Each line in the records below, from the one that contains "Mężczyzna w bluzie" to the one that contains "kitchen featuring appliances", should be reproduced exactly, the first and last included.

## [Data for the task]
□ □ □ □ □
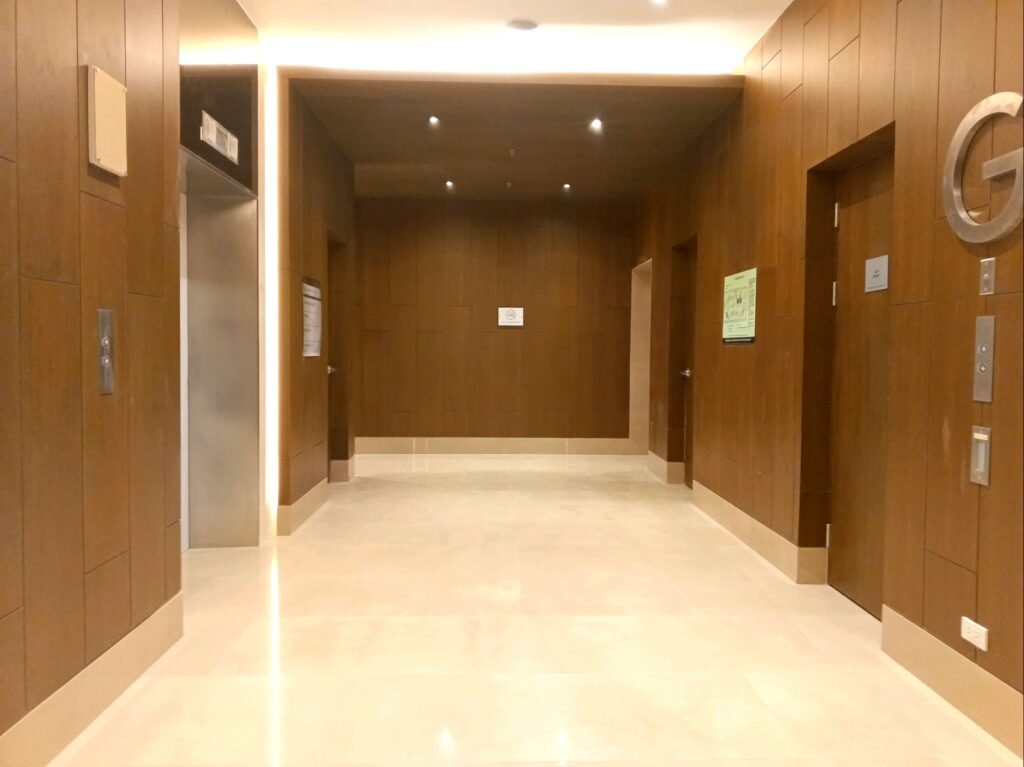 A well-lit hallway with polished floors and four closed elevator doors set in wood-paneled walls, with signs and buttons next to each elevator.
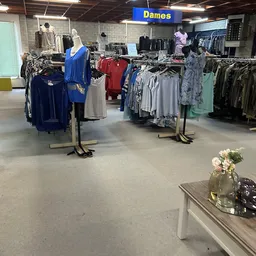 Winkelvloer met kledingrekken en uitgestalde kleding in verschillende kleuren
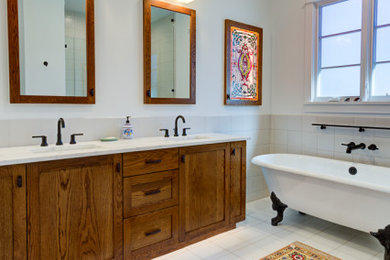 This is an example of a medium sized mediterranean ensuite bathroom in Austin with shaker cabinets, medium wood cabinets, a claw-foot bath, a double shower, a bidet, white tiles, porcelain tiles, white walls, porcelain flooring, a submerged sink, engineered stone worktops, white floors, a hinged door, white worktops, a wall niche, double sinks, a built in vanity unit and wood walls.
□ □ □ □ □
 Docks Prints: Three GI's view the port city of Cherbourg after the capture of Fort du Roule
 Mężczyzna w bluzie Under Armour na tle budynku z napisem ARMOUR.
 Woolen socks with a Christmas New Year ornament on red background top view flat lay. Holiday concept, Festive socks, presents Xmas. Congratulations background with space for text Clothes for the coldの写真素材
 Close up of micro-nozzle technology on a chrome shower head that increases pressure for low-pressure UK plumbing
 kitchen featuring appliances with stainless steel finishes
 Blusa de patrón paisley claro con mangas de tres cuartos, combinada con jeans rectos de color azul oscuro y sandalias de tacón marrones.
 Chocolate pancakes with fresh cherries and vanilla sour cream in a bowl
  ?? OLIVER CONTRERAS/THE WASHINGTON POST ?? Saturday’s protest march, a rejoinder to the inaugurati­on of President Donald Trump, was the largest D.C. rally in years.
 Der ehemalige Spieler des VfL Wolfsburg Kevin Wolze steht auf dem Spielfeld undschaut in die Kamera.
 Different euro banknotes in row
□ □ □ □ □
## [Final answer]
 Mężczyzna w bluzie Under Armour na tle budynku z napisem ARMOUR.
 Woolen socks with a Christmas New Year ornament on red background top view flat lay. Holiday concept, Festive socks, presents Xmas. Congratulations background with space for text Clothes for the coldの写真素材
 Close up of micro-nozzle technology on a chrome shower head that increases pressure for low-pressure UK plumbing
 kitchen featuring appliances with stainless steel finishes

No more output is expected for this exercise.